= Problem statement =
Your response should contain only the lines running from the top of the data below through the line with "Solidago caesia caesia", both included. Pictures must be omitted.

+ + + +

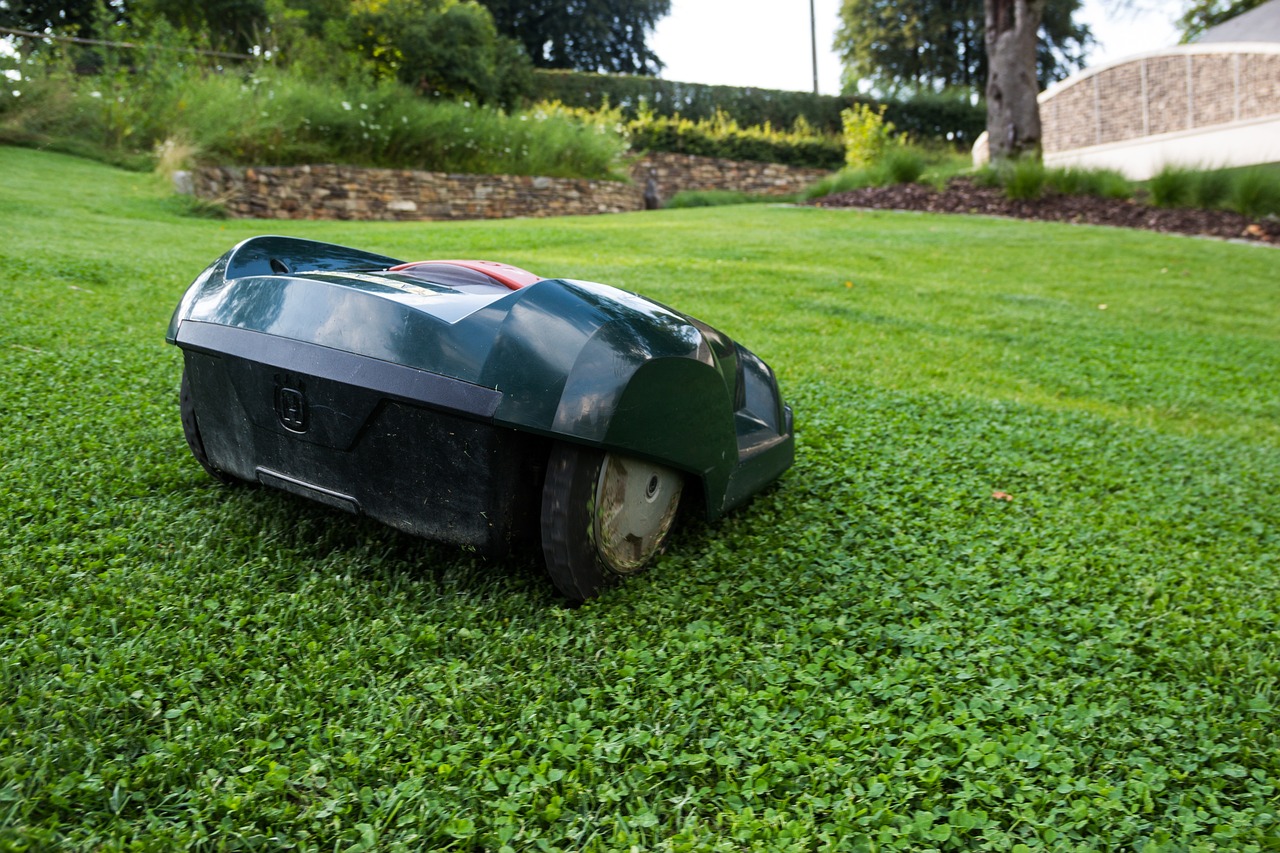 Acheter un robot tondeuse pour sa pelouse (utilisation, options, marques, prix)
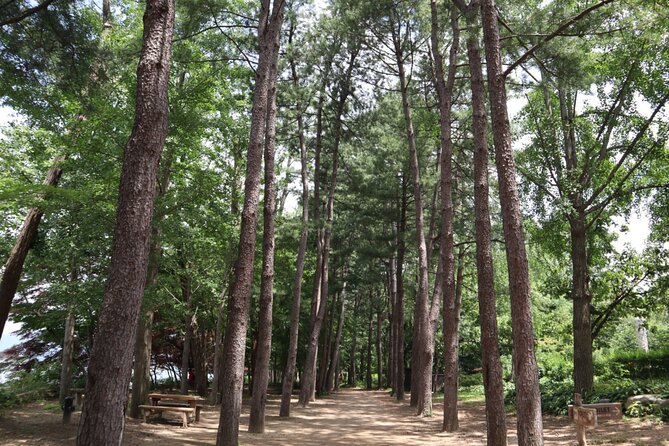 Alpaca, Nami, Petite Fr, Italian Village, Garden of Morning Calm - Stop 1: Alpaca World in the Hongcheon forest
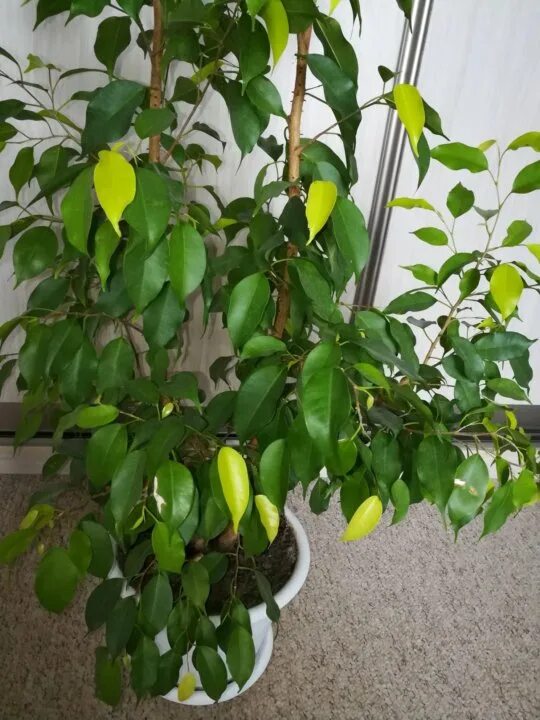Неон фикус фото Rooted cuttings of ficus Benjamin, varieties Esther, Anastasia, Golden Monique,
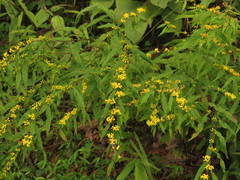 Solidago caesia caesia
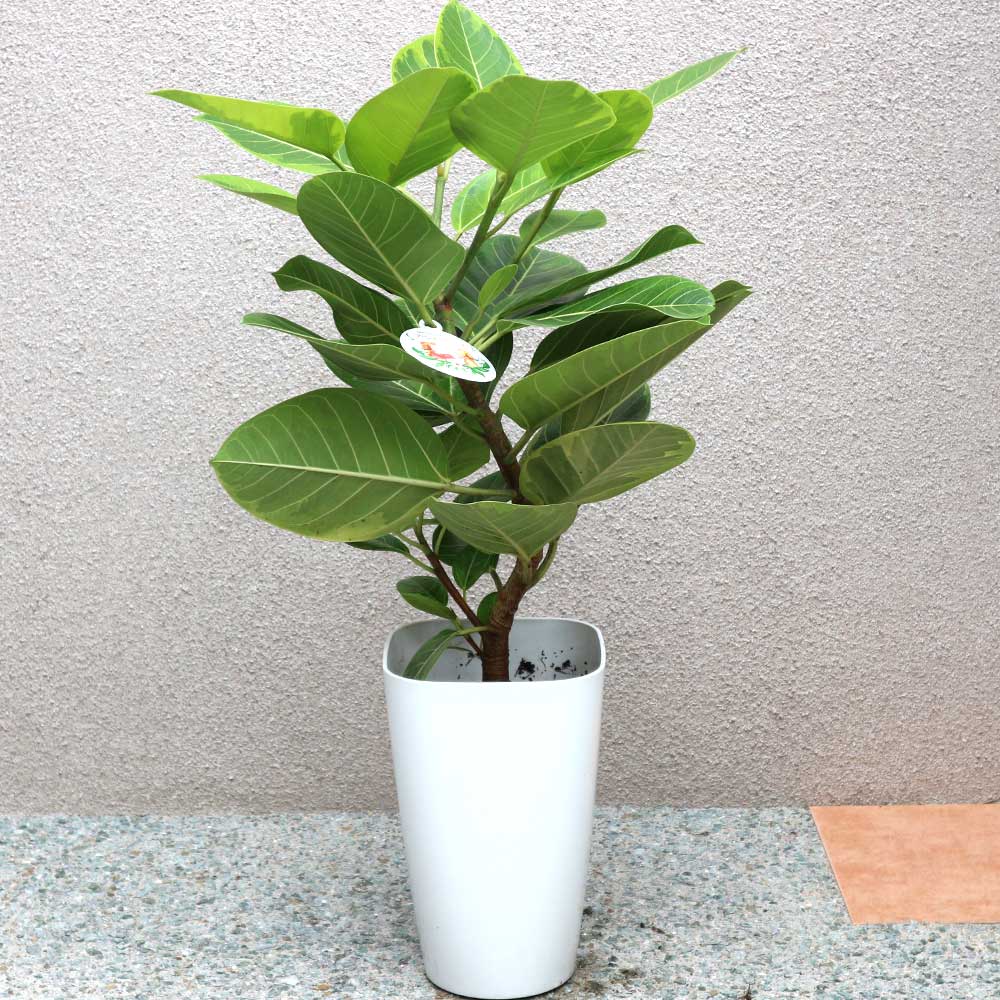 アルティシーマ ゴムの木【中型 観葉植物 8号鉢／1個】｜ 【植物の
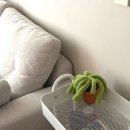 중문안경방 | 준신축 30평대 랜선집들이,인테리어 후기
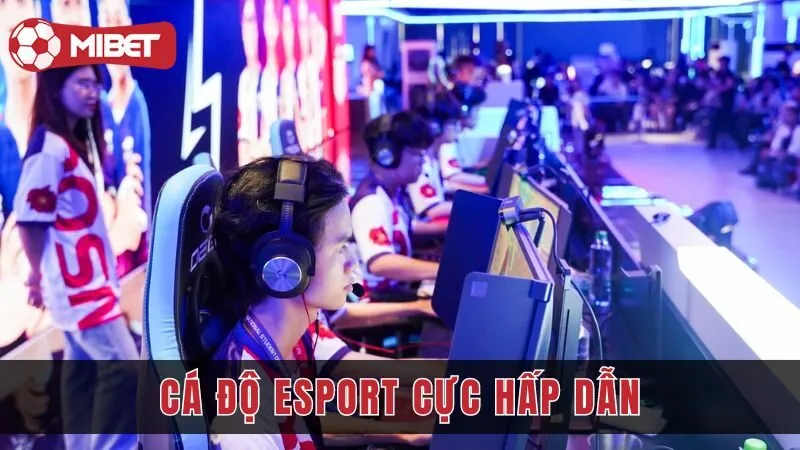 ca do esport dang ngay cang thu hut nguoi choi tham gia mibet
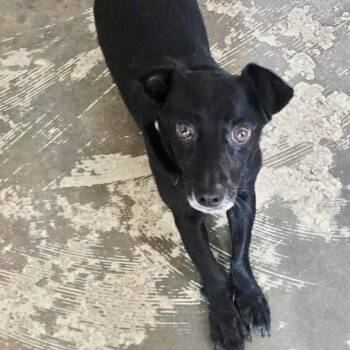 Rescue Dachshund and Chihuahua Dogs for Adoption in Warren, Rhode Island - Dash | PetCurious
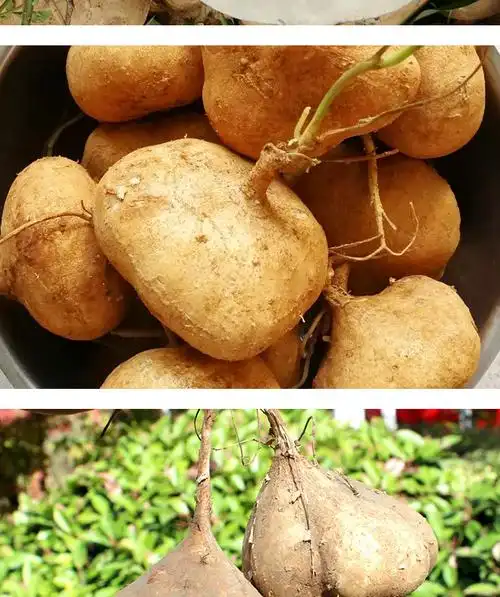 博多客湖北特产新鲜凉薯白地瓜地萝卜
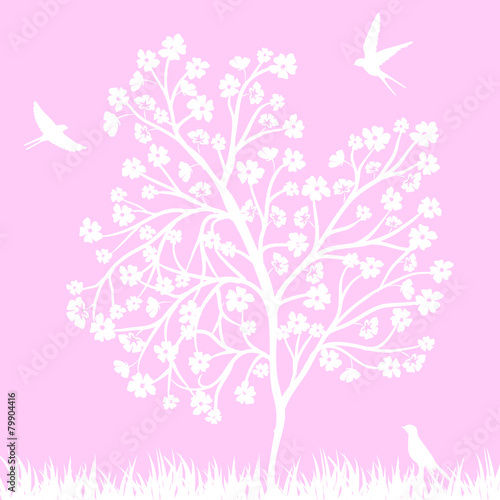 blooming tree and birds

+ + + +

= Output of the exercise =
 Acheter un robot tondeuse pour sa pelouse (utilisation, options, marques, prix)
 Alpaca, Nami, Petite Fr, Italian Village, Garden of Morning Calm - Stop 1: Alpaca World in the Hongcheon forest
Неон фикус фото Rooted cuttings of ficus Benjamin, varieties Esther, Anastasia, Golden Monique,
 Solidago caesia caesia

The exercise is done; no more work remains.